RECORDED INFORMATION Block Start

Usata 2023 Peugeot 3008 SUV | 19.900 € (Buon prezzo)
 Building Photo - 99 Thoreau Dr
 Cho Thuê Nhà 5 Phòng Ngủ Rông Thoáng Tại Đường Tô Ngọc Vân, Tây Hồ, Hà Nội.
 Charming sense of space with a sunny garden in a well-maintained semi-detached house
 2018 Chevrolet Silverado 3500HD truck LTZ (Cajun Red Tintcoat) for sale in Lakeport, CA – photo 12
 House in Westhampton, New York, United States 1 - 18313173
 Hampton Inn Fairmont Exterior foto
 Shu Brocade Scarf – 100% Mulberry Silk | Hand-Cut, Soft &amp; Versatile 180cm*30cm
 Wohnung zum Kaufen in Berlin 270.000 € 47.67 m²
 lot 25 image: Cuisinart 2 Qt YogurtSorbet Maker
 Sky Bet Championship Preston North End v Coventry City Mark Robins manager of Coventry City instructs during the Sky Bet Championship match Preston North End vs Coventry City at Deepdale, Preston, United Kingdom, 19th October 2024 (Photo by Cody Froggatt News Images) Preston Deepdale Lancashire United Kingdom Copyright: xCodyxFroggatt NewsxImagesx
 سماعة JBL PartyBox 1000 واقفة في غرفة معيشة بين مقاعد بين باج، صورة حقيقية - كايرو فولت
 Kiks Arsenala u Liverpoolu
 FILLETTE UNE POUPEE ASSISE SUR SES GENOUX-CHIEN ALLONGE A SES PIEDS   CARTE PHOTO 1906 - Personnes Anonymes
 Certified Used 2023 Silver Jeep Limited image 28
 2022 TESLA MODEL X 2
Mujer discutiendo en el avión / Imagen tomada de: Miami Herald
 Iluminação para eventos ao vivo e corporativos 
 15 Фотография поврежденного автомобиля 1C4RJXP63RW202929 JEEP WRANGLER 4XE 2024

RECORDED INFORMATION Block End

● **WHAT THIS TASK INVOLVES**
Check each line of the material for "United" and report how many have it. Add no other words.

● **RESULT BELOW**
2